=== RECORDED DATA ===

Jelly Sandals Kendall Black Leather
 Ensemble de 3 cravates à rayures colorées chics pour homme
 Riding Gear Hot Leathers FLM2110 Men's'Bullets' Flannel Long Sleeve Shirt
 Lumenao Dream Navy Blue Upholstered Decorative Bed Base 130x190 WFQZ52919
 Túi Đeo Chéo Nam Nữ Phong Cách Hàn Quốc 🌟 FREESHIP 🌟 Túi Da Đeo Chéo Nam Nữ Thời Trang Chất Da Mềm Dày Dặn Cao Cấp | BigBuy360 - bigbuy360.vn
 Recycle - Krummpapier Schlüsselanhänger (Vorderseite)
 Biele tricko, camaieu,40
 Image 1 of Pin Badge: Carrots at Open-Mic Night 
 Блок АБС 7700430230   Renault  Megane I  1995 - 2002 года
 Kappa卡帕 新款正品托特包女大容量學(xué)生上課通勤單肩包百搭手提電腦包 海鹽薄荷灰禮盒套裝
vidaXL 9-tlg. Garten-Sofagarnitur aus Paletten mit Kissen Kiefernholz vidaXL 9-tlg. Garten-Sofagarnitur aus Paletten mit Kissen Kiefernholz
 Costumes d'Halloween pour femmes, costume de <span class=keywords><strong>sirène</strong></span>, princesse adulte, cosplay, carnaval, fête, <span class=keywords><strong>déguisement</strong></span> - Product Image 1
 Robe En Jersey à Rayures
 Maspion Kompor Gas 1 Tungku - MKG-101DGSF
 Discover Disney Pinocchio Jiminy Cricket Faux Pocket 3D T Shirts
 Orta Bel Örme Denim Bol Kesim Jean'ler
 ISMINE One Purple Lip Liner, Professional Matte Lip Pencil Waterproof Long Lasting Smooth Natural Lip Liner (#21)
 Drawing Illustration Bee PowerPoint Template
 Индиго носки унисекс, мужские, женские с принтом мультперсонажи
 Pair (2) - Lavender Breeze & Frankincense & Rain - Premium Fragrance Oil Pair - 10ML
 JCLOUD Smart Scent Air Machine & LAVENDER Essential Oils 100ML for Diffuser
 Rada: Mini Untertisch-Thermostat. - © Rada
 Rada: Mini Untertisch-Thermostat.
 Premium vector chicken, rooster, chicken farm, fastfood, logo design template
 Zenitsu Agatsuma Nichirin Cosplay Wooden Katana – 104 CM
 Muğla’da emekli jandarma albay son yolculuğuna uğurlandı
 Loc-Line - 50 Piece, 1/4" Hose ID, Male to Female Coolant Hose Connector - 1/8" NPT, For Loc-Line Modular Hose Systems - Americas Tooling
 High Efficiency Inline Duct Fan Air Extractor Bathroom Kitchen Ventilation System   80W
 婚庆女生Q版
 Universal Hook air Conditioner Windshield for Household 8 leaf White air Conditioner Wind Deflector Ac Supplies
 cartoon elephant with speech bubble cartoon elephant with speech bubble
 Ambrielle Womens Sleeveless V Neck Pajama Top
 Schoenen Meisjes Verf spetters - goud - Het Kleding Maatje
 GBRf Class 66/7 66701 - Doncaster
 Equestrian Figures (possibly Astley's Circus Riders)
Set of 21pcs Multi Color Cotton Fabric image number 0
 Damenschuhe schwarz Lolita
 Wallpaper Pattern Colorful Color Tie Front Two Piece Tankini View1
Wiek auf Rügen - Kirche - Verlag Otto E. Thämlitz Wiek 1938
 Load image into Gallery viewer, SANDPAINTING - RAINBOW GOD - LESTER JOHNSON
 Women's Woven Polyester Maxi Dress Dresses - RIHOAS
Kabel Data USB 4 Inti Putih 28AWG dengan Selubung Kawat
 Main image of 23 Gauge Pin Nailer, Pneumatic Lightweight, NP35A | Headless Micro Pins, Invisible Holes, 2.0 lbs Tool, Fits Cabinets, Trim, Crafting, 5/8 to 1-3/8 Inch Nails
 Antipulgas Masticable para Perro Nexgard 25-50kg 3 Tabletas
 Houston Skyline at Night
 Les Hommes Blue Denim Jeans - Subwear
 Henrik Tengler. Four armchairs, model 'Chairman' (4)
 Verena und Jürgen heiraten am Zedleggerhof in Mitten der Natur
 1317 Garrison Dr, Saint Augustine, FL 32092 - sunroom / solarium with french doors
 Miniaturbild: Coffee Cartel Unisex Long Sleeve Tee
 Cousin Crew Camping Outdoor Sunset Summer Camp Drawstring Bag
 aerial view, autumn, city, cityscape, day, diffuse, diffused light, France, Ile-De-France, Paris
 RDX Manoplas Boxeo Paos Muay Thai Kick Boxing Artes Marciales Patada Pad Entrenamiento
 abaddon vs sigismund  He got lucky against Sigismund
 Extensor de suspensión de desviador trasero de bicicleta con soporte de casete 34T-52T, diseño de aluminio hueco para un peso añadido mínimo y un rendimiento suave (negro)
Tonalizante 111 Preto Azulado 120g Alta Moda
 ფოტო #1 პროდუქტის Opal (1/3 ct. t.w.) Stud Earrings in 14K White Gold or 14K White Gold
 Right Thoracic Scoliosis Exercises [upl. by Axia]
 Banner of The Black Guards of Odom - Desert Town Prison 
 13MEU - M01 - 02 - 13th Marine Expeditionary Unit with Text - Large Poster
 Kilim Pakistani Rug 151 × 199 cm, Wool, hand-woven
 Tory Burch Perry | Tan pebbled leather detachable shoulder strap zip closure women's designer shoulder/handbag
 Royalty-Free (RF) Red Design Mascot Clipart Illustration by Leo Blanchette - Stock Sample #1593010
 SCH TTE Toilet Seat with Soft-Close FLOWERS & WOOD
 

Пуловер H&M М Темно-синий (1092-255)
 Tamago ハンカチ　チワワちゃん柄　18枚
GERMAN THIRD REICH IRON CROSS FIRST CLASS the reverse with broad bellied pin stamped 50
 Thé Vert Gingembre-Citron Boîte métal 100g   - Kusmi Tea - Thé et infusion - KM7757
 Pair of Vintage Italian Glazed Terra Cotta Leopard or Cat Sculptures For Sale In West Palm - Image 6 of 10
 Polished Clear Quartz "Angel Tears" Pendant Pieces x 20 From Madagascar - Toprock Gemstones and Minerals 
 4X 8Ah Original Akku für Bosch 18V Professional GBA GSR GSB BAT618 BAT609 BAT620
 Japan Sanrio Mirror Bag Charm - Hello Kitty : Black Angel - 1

===

The output should match the records above exactly, line for line.

Jelly Sandals Kendall Black Leather
 Ensemble de 3 cravates à rayures colorées chics pour homme
 Riding Gear Hot Leathers FLM2110 Men's'Bullets' Flannel Long Sleeve Shirt
 Lumenao Dream Navy Blue Upholstered Decorative Bed Base 130x190 WFQZ52919
 Túi Đeo Chéo Nam Nữ Phong Cách Hàn Quốc 🌟 FREESHIP 🌟 Túi Da Đeo Chéo Nam Nữ Thời Trang Chất Da Mềm Dày Dặn Cao Cấp | BigBuy360 - bigbuy360.vn
 Recycle - Krummpapier Schlüsselanhänger (Vorderseite)
 Biele tricko, camaieu,40
 Image 1 of Pin Badge: Carrots at Open-Mic Night 
 Блок АБС 7700430230   Renault  Megane I  1995 - 2002 года
 Kappa卡帕 新款正品托特包女大容量學(xué)生上課通勤單肩包百搭手提電腦包 海鹽薄荷灰禮盒套裝
vidaXL 9-tlg. Garten-Sofagarnitur aus Paletten mit Kissen Kiefernholz vidaXL 9-tlg. Garten-Sofagarnitur aus Paletten mit Kissen Kiefernholz
 Costumes d'Halloween pour femmes, costume de <span class=keywords><strong>sirène</strong></span>, princesse adulte, cosplay, carnaval, fête, <span class=keywords><strong>déguisement</strong></span> - Product Image 1
 Robe En Jersey à Rayures
 Maspion Kompor Gas 1 Tungku - MKG-101DGSF
 Discover Disney Pinocchio Jiminy Cricket Faux Pocket 3D T Shirts
 Orta Bel Örme Denim Bol Kesim Jean'ler
 ISMINE One Purple Lip Liner, Professional Matte Lip Pencil Waterproof Long Lasting Smooth Natural Lip Liner (#21)
 Drawing Illustration Bee PowerPoint Template
 Индиго носки унисекс, мужские, женские с принтом мультперсонажи
 Pair (2) - Lavender Breeze & Frankincense & Rain - Premium Fragrance Oil Pair - 10ML
 JCLOUD Smart Scent Air Machine & LAVENDER Essential Oils 100ML for Diffuser
 Rada: Mini Untertisch-Thermostat. - © Rada
 Rada: Mini Untertisch-Thermostat.
 Premium vector chicken, rooster, chicken farm, fastfood, logo design template
 Zenitsu Agatsuma Nichirin Cosplay Wooden Katana – 104 CM
 Muğla’da emekli jandarma albay son yolculuğuna uğurlandı
 Loc-Line - 50 Piece, 1/4" Hose ID, Male to Female Coolant Hose Connector - 1/8" NPT, For Loc-Line Modular Hose Systems - Americas Tooling
 High Efficiency Inline Duct Fan Air Extractor Bathroom Kitchen Ventilation System   80W
 婚庆女生Q版
 Universal Hook air Conditioner Windshield for Household 8 leaf White air Conditioner Wind Deflector Ac Supplies
 cartoon elephant with speech bubble cartoon elephant with speech bubble
 Ambrielle Womens Sleeveless V Neck Pajama Top
 Schoenen Meisjes Verf spetters - goud - Het Kleding Maatje
 GBRf Class 66/7 66701 - Doncaster
 Equestrian Figures (possibly Astley's Circus Riders)
Set of 21pcs Multi Color Cotton Fabric image number 0
 Damenschuhe schwarz Lolita
 Wallpaper Pattern Colorful Color Tie Front Two Piece Tankini View1
Wiek auf Rügen - Kirche - Verlag Otto E. Thämlitz Wiek 1938
 Load image into Gallery viewer, SANDPAINTING - RAINBOW GOD - LESTER JOHNSON
 Women's Woven Polyester Maxi Dress Dresses - RIHOAS
Kabel Data USB 4 Inti Putih 28AWG dengan Selubung Kawat
 Main image of 23 Gauge Pin Nailer, Pneumatic Lightweight, NP35A | Headless Micro Pins, Invisible Holes, 2.0 lbs Tool, Fits Cabinets, Trim, Crafting, 5/8 to 1-3/8 Inch Nails
 Antipulgas Masticable para Perro Nexgard 25-50kg 3 Tabletas
 Houston Skyline at Night
 Les Hommes Blue Denim Jeans - Subwear
 Henrik Tengler. Four armchairs, model 'Chairman' (4)
 Verena und Jürgen heiraten am Zedleggerhof in Mitten der Natur
 1317 Garrison Dr, Saint Augustine, FL 32092 - sunroom / solarium with french doors
 Miniaturbild: Coffee Cartel Unisex Long Sleeve Tee
 Cousin Crew Camping Outdoor Sunset Summer Camp Drawstring Bag
 aerial view, autumn, city, cityscape, day, diffuse, diffused light, France, Ile-De-France, Paris
 RDX Manoplas Boxeo Paos Muay Thai Kick Boxing Artes Marciales Patada Pad Entrenamiento
 abaddon vs sigismund  He got lucky against Sigismund
 Extensor de suspensión de desviador trasero de bicicleta con soporte de casete 34T-52T, diseño de aluminio hueco para un peso añadido mínimo y un rendimiento suave (negro)
Tonalizante 111 Preto Azulado 120g Alta Moda
 ფოტო #1 პროდუქტის Opal (1/3 ct. t.w.) Stud Earrings in 14K White Gold or 14K White Gold
 Right Thoracic Scoliosis Exercises [upl. by Axia]
 Banner of The Black Guards of Odom - Desert Town Prison 
 13MEU - M01 - 02 - 13th Marine Expeditionary Unit with Text - Large Poster
 Kilim Pakistani Rug 151 × 199 cm, Wool, hand-woven
 Tory Burch Perry | Tan pebbled leather detachable shoulder strap zip closure women's designer shoulder/handbag
 Royalty-Free (RF) Red Design Mascot Clipart Illustration by Leo Blanchette - Stock Sample #1593010
 SCH TTE Toilet Seat with Soft-Close FLOWERS & WOOD
 

Пуловер H&M М Темно-синий (1092-255)
 Tamago ハンカチ　チワワちゃん柄　18枚
GERMAN THIRD REICH IRON CROSS FIRST CLASS the reverse with broad bellied pin stamped 50
 Thé Vert Gingembre-Citron Boîte métal 100g   - Kusmi Tea - Thé et infusion - KM7757
 Pair of Vintage Italian Glazed Terra Cotta Leopard or Cat Sculptures For Sale In West Palm - Image 6 of 10
 Polished Clear Quartz "Angel Tears" Pendant Pieces x 20 From Madagascar - Toprock Gemstones and Minerals 
 4X 8Ah Original Akku für Bosch 18V Professional GBA GSR GSB BAT618 BAT609 BAT620
 Japan Sanrio Mirror Bag Charm - Hello Kitty : Black Angel - 1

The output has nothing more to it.